Finalmente, os mercados financeiros são o
lugar onde se fixa hoje a valorização capitalista, ou seja, o local da
medição da exploração da cooperação social e do intelecto geral através
da dinâmica de valores de mercado. O lucro é
transformado, assim, em renda (cf. Tese 3), e os mercados financeiros
tornam-se o lugar da determinação do valor-trabalho, que é transformado
em valor-financeiro, que não é senão a expressão subjetiva de futuros
lucros obtidos pelos mercados financeiros, que se apropriaram, dessa
forma, de uma anuidade. Os mercados financeiros exercem, por conseguinte, o biopoder.
“A democracia está morta exatamente no momento que tem início a parábola do capitalismo cognitivo” |
IHU On-Line - Neste contexto, que importância tem o neoliberalismo como fundamento da financeirização?
Andrea Fumagalli - O pensamento neoliberal
fundamenta-se no conceito de neutralidade da moeda e na suposição da
perfeita competição nos mercados financeiros. Na verdade, os mercados
financeiros não são imparciais e neutros, mas expressão de uma hierarquia
bem precisa: longe de serem concorrenciais, escondem uma pirâmide que
vê, na parte superior, poucos operadores financeiros controlando mais de
65% de fluxos globais e, na base, uma miríade de pequenos investidores e
operadores desempenhando uma função passiva. Tal estrutura permite que
poucas empresas tenham capacidade de atingir e afetar a dinâmica do mercado.

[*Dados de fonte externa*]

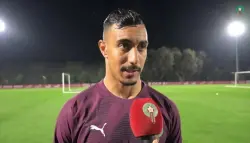 الركراكي يُبعد حارس المنتخب الوطني بقرار صارم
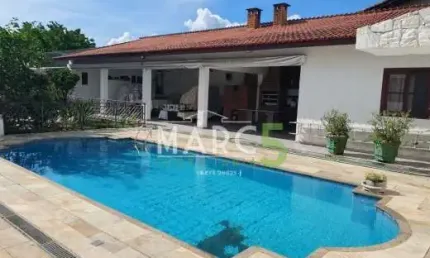 Casa em condomínio fechado com 3 quartos para alugar na Rua Maranhão, Arujázinho I, II e III, Arujá, 463 m2 por R$ 11.000
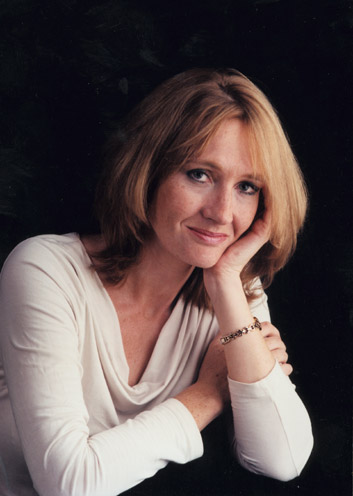 Joanne K. Rowling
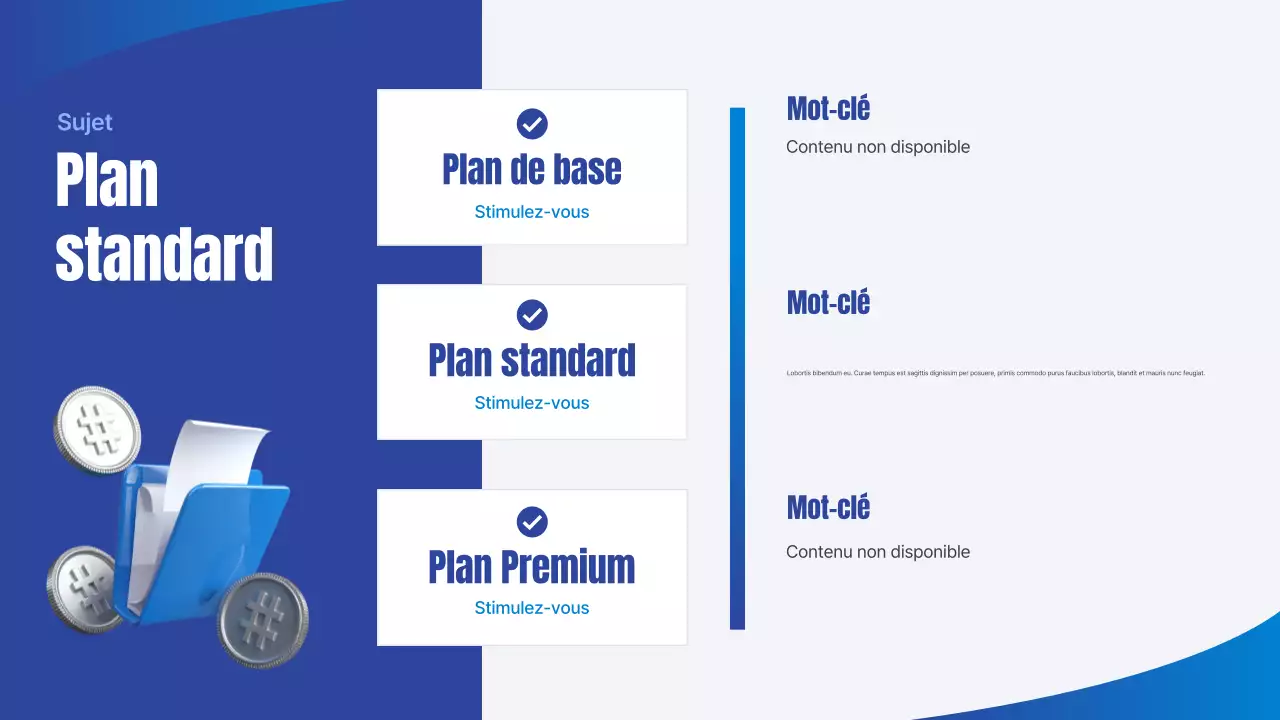 Présentation de l'agence fiscale Blue Simple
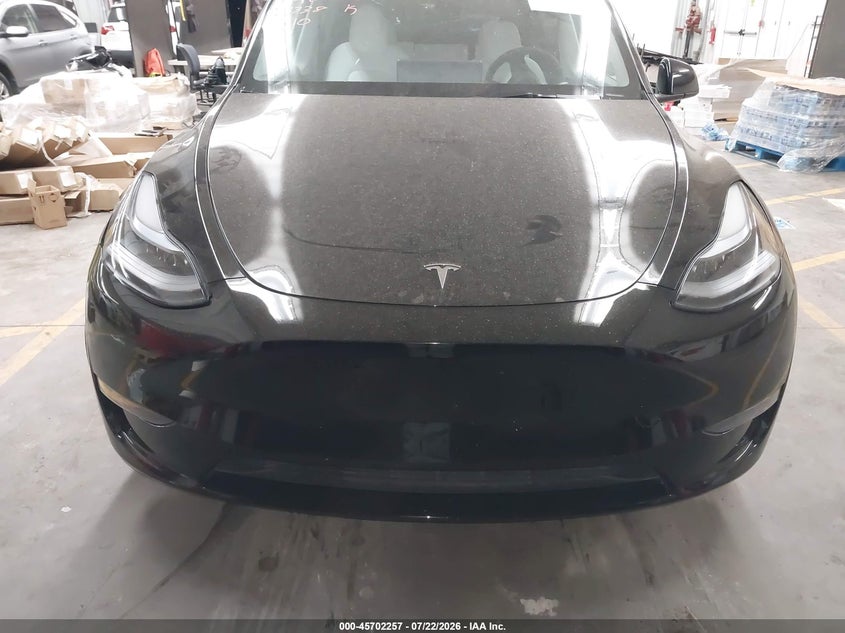 2023 TESLA MODEL Y SPORT UTILITY VEHICLE ELECTRIC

As agências de rating (amiúde em conluio com as financeiras) ratificam,
de modo instrumental, decisões oligárquicas, tomadas de tempos em
tempos.
Com tal farsa, o pensamento neoliberal
tenta fazer passar como objetiva, neutra e naturalmente dada, uma
estrutura de poder que, ao contrário, objetiva favorecer uma
distribuição que vai dos mais pobres para os mais ricos.
IHU On-Line - Quais são os
espaços e os limites da democracia neste cenário? Que novas formas
políticas surgem como resistência e confronto?
Andrea Fumagalli - No mesmo momento em que as hierarquias do mercado
ditarem as escolhas da política econômica, e o próprio mercado
estabelecer as regras das relações humano-sociais, a democracia,
entendida como processo de decisão resultante de um princípio dialético,
está morta. A democracia está morta exatamente no momento que tem início a parábola do capitalismo cognitivo.
IHU On-Line - Vale a pena
analisar esta predominância da economia sobre a política como elemento
explicativo da desconfiança da política e da apatia dos eleitores? Por
quê?
Andrea Fumagalli - A
desconfiança da "política" surge no exato momento em que ela se torna
uma caixa vazia, que ratifica decisões tomadas em outros lugares. É
consequência, não causa, da prevalência do poder econômico sobre o poder político e sobre o direito.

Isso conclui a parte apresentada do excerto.